Paragraph.Text returns deleted text

Apr 10, 2013 at 8:40 PM
Edited Apr 15, 2013 at 6:11 AM
I'm not sure if this is a bug or if I'm missing something, but when I attempt to read from a .docx file that has been modified with Track Changes enabled, DocX.Paragraphs.Text returns deleted runs.

The original text read "But he is" but was corrected to "He is".

In Word 2013 with changes expanded:
Image

In Word 2013, standard view:
Image

When I access the Text property of the given paragraph, I see:
HBut he is...
Looking at the source code, it appears Paragraph.Text includes deleted runs as well as normal runs.

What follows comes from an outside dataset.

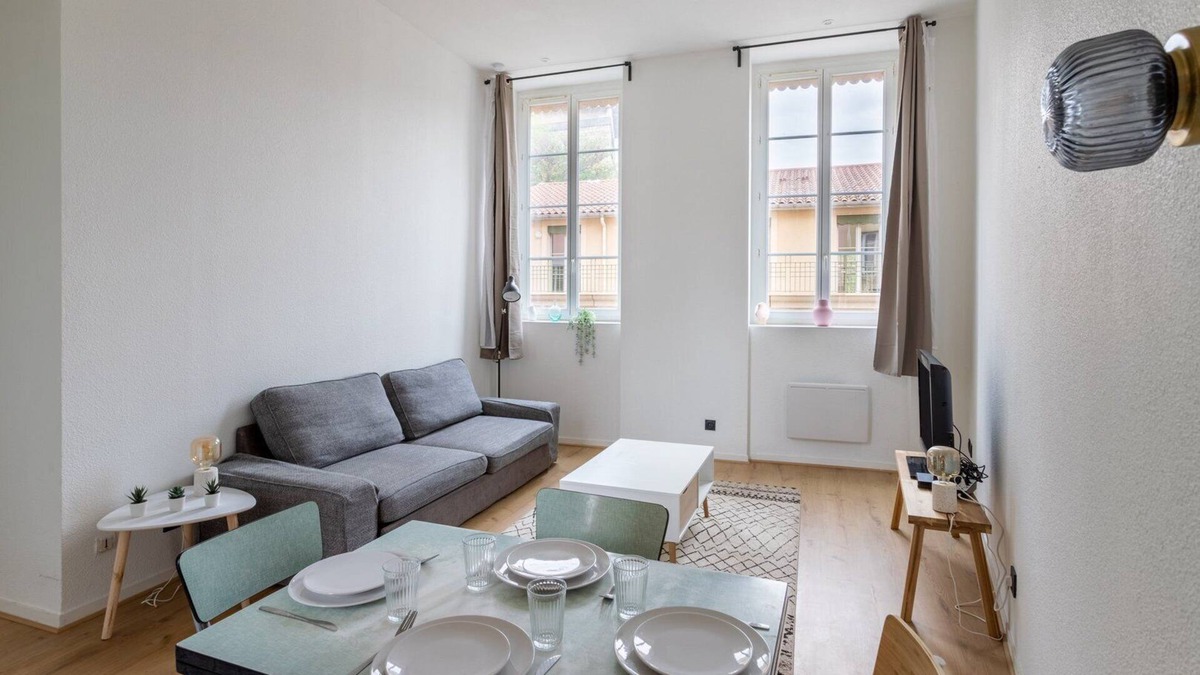 Griffon - Royale Apartment | GuestReady-Spacious apt on slopes of Croix-Rousse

Is this a bug or am I missing something?

The document part:
<w:ins w:author="A Reviewer" w:date="2013-03-14T13:52:00Z" w:id="1">
    <w:r w:rsidR="00B076C7">
      <w:rPr>
        <w:sz w:val="24" />
      </w:rPr>
      <w:t>H</w:t>
    </w:r>
  </w:ins>
  <w:del w:author="A reviewer" w:date="2013-03-14T13:52:00Z" w:id="2">
    <w:r w:rsidRPr="00FF0859" w:rsidDel="00B076C7">
      <w:rPr>
        <w:sz w:val="24" />
      </w:rPr>
      <w:delText>But h</w:delText>
    </w:r>
  </w:del>
  <w:r w:rsidRPr="00FF0859">
    <w:rPr>
      <w:sz w:val="24" />
    </w:rPr>
    <w:t>e is</w:t>
  </w:r>
Apr 24, 2013 at 7:26 PM
Upon further investigation, it appears that the inclusion of deleted runs is intentional:

HelperFunctions.cs:
internal static string ToText(XElement e)
        {
            switch (e.Name.LocalName)
            {
                case "tab":
                    return "\t";
                case "br":
                    return "\n";
                case "t":
                    goto case "delText";
                case "delText":
                    {
                        if (e.Parent != null && e.Parent.Name.LocalName == "r")
                        {
                            XElement run = e.Parent;
                            var rPr = run.Elements().FirstOrDefault(a => a.Name.LocalName == "rPr");
                            if (rPr != null)
                            {
                                var caps = rPr.Elements().FirstOrDefault(a => a.Name.LocalName == "caps");

                                if (caps != null)
                                    return e.Value.ToUpper();
                            }
                        }

                        return e.Value;
                    }
                case "tr":
                    goto case "br";
                case "tc":
                    goto case "tab";
                default: return "";
            }
        }
This really opens up a can of worms. It seems the solution would be to add some sort of "include/exclude revisions" property to the base class, then, according to that property, include or exclude delText in Paragraph.Text.